◆ **Provided data**
== Segment start ==
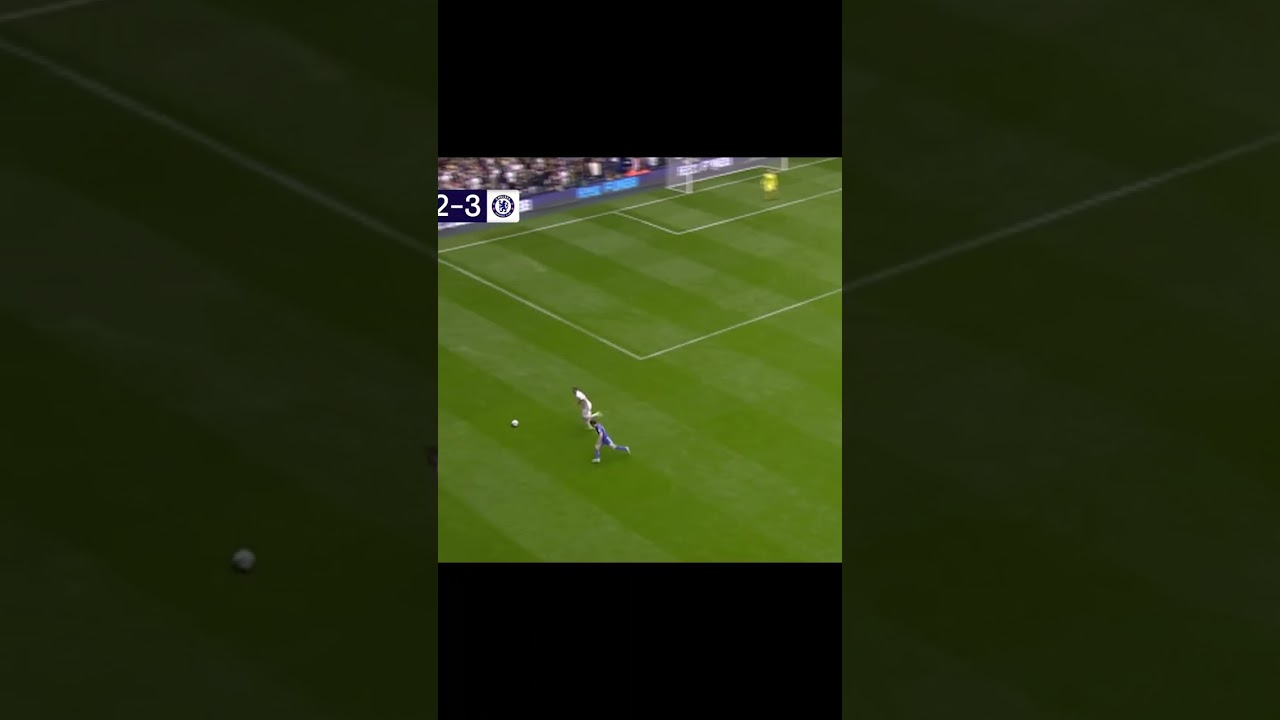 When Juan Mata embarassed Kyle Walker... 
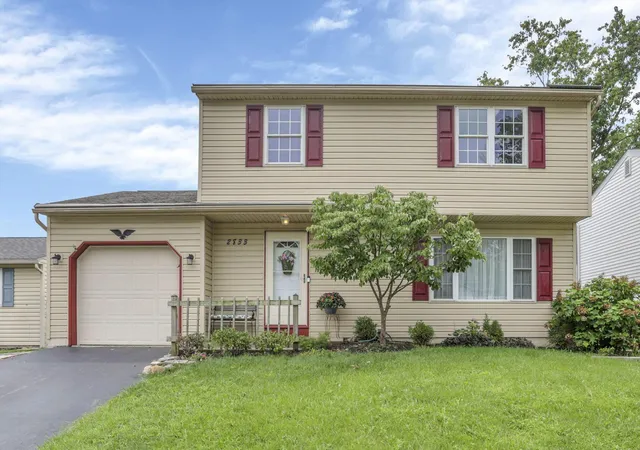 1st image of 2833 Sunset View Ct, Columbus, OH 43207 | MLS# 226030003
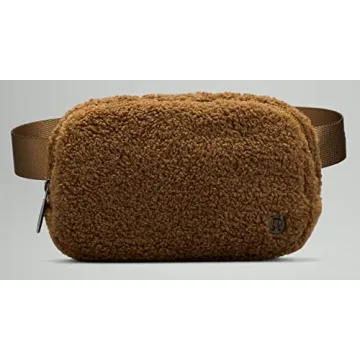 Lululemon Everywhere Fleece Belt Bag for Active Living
== Segment end ==
◆ **Exercise details**
Reproduce the data exactly as it appears above. Pictures are to be left out.

◆ **Task answer**
 When Juan Mata embarassed Kyle Walker... 
 1st image of 2833 Sunset View Ct, Columbus, OH 43207 | MLS# 226030003
 Lululemon Everywhere Fleece Belt Bag for Active Living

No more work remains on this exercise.